You don’t see them so much any more, but in yesteryear when “the interstate” was still a new thing, nearly all entrance ramps had signs that explicitly stated (to the driver attempting the merge) to “Yield Right of Way” or simply “Yield”. Some ramps still have that sign, of course, but they’re not as prevalent as they once were.

On normal streets with driveways and parking lots and right-angled side streets with stop signs and so forth, the presumption is “whoever is first” has right of way. So you can feel confident (legally) in pulling out of a driveway as long as the road traffic has the opportunity to slow and even stop if necessary. You were there first, so you have right of way. (Obviously, it’s not always wise to drive this way!) But that right of way does not apply to interstate highways and other high speed roads which are designed and operated so the drivers do not “normally” have to be on the lookout for merging traffic.

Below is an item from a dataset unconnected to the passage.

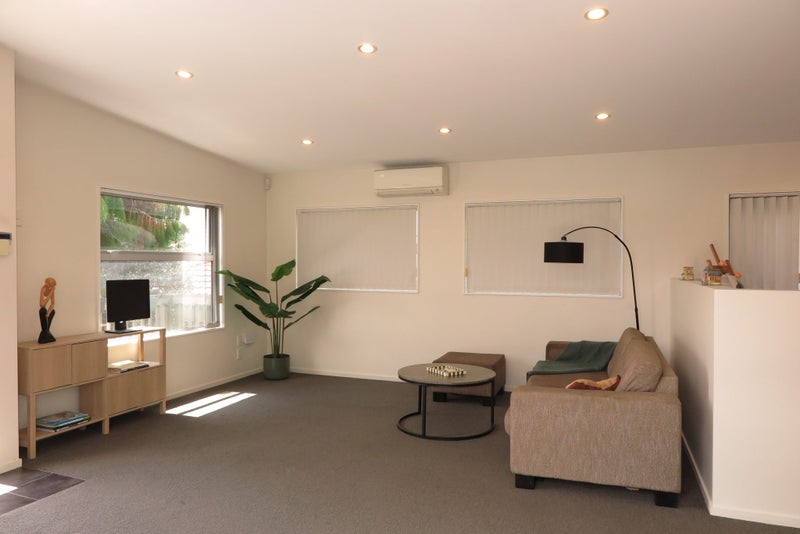 88 Mili Way South, Ranui, Auckland - Carousel 2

Your mother is correct. It is up to the merging driver to “make a safe merge”, and not the responsibility of the driver on the main road to “make way”, to move over or slow down. (Of course, it’s often the prudent thing to do and nearly always the polite thing to do, but that’s for smart and courteous drivers to figure out for themselves. Given modern traffic patterns and frequently crowded conditions in urban driving, this isn’t as absolutely true as it is on rural highways.) The onus is always on the driver attempting to join the flow of traffic, and the signs are there (or were there) to remind him of that fact. (I think it’s one of the basic rules of the road explicitly pointed out in driver training manuals issued by every state DMV; you don’t have to take my word for it.)

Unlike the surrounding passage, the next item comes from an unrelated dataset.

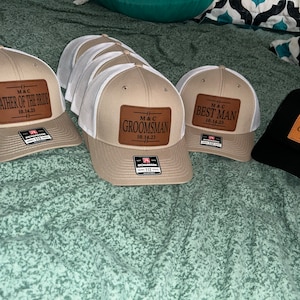 Michaela added a photo of their purchase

In point of fact it is always “safe to slow down” when conditions warrant that. Obviously your father wanted to merge “at speed” into the highway traffic, and not join the traffic from a standing start, which might require the high speed drivers to make emergency maneuvers to avoid him. That’s part of the “yield” that he has to make. If for some reason he is forced to make a start onto the road from a standing start or a very slow speed, then he has to wait for that opening in the traffic, in order to make a safe entry. Now, once he’s on the road, and presumably accelerating up to highway speed, if drivers coming up behind him are forced to slow because of his current lack of speed, but if they can do that safely and in a non-emergency manner, then that’s just normal driving.

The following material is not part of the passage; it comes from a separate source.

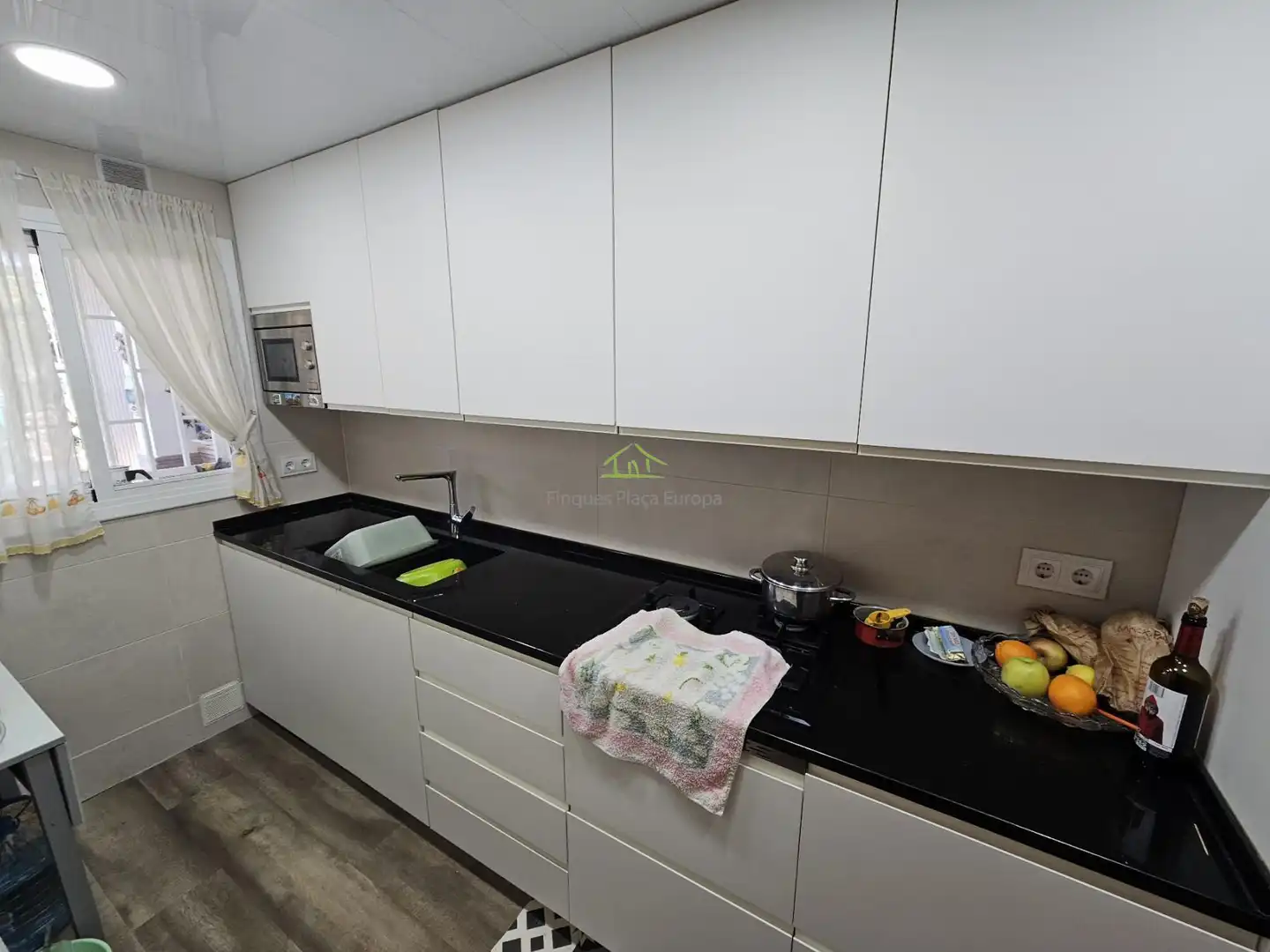 Apartment for sale in S'Agaró, imagen 5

The thing is, “not joining the road from a standing start”, which your dad might have had to do if he had been forced to stop at the mouth of the entrance ramp (some busy highways, such as around Los Angeles and other highly congested areas actually have red and green traffic lights at the mouth of the entrance ramp!) is for his convenience. Having to wait for a larger gap in traffic would have inconvenienced him, and he didn’t want to wait and then have to judge an abnormal (accelerate from the stopped position) entry onto the highway.

But that’s what was called for. Either slowing to pass behind the (possibly distracted, confused or simply inattentive or discourteous) driver who was already in or partially in that lane, or pull forward with enough additional speed as to make the overlap disappear – but that may have been unsafe as well.

He should have slowed on the entrance ramp – or even stopped – and merged with a better gap.

Mariah's avatar

Thank you for that detailed answer @CWOTUS. I feel a little safer now as a (still) fairly new driver, knowing that that option is available and is perfectly valid. My dad has always framed it to me as being incredibly dangerous to try and merge onto a highway from a standstill. But of course if there’s room, it could be OK.

Thanks everybody. Driving is still scary to me. There are too many split second decisions involved that could cost a life and I’m not so good at coping with that thought as a pretty anxious person. But I’m slowly learning things that will help me get there someday.